CNN The Washington Post headquarters  in Washington, DC, on February 4. - Aaron Schwartz/Reuters

"How could you miss it? How could you think it doesn't apply?" Magistrate Judge William Porter asked a DOJ lawyer during a hearing in Alexandria, Virginia.

"I find it hard to be that in any way this law did not apply," Porter added later.

The judge said during the hearing that he had declined to approve the warrant for materials from reporter Hannah Natanson several other times.

"I find it hard to be that in any way this law did not apply," Porter added later.

Justice Department attorney Christian Dibblee argued that the decision was made by department officials several rungs above him, but that he understood the judge's "frustration."

Porter shot back: "That's minimizing it!"
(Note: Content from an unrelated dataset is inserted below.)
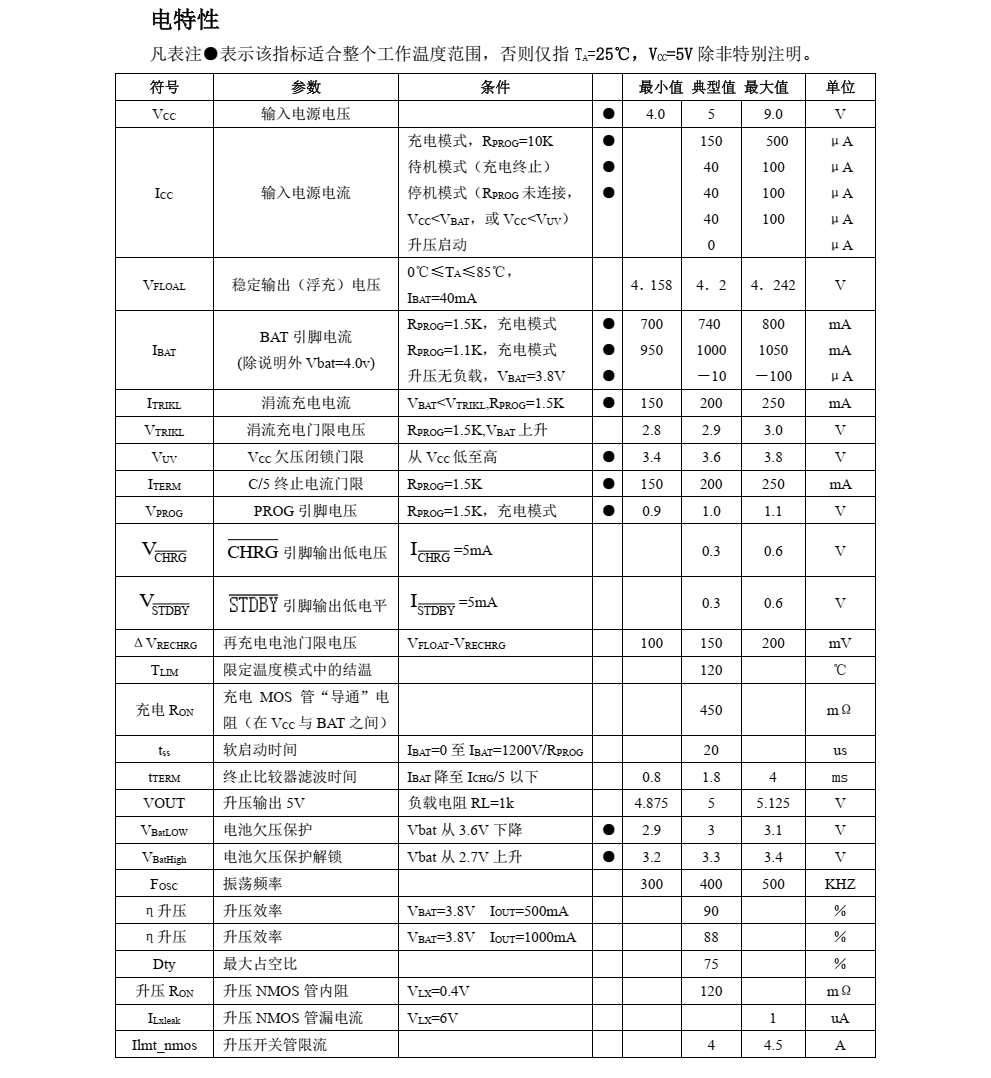 TP5400 为一款移动电源专用的单节锂离子电池充电器和恒定 5V 升压控制器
"Ms. Natanson has been deprived of basically her life's work," Porter said during the hearing, echoing comments from her lawyer that she's been unable to continue reporting and gathering confidential sources following the raid.
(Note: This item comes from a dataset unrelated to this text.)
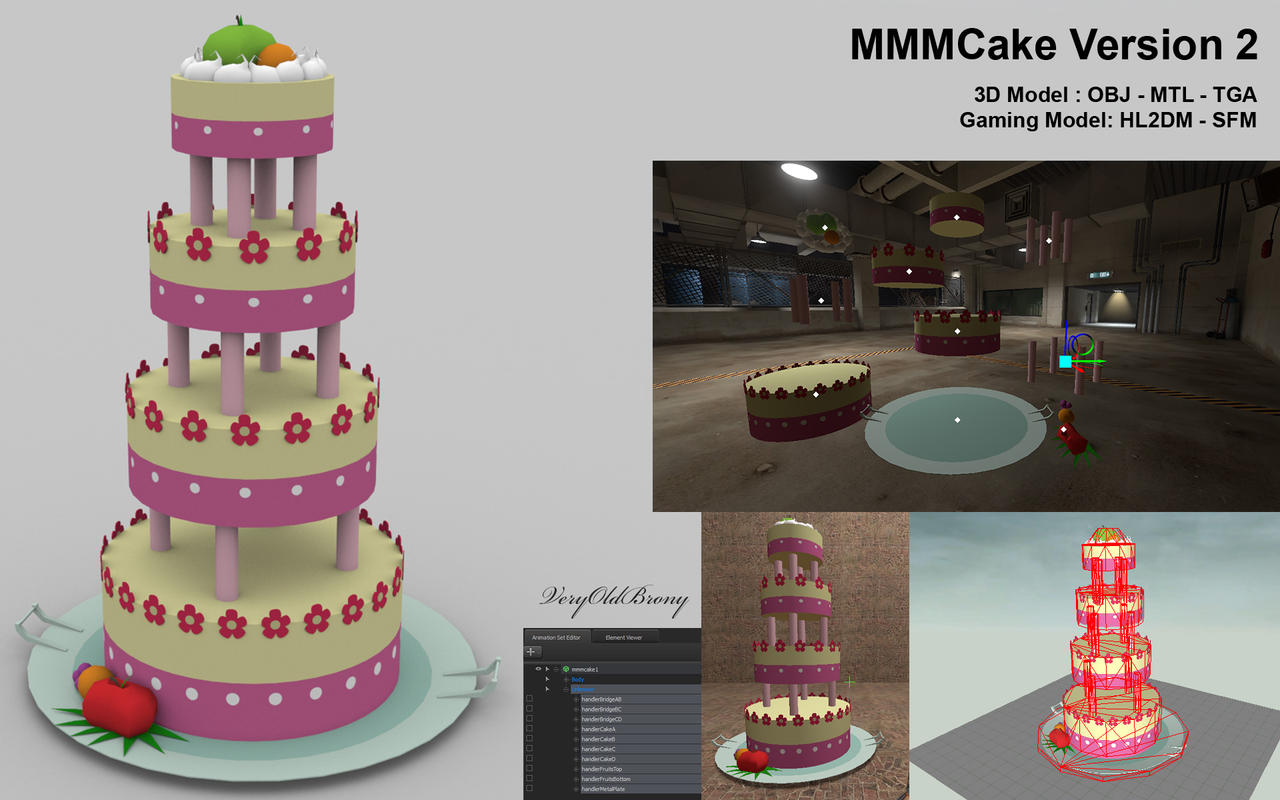 MMMCake Version 2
The Privacy Protection Act of 1980 is intended to protect journalists and newsrooms from government searches and seizures of a reporter's work product materials unless the reporter is themself the subject of a criminal investigation or prosecution.
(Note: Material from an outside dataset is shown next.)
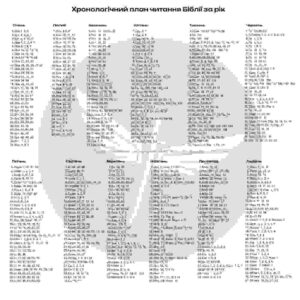 хронологічний план читання Біблії за рік скачати pdf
CNN has previously reported that the Post reporter, Natanson, is not under investigation. But her communications with a government contractor who was charged with illegally leaking classified information are what led prosecutors to ask Porter to approve a search warrant for her Virginia home.

Last month, federal agents arrived at Natanson's home and seized a phone, two computers and a Garmin watch were seized. After Natanson and the Post sued in an effort to get the devices back, Porter temporarily blocked investigators from examining them.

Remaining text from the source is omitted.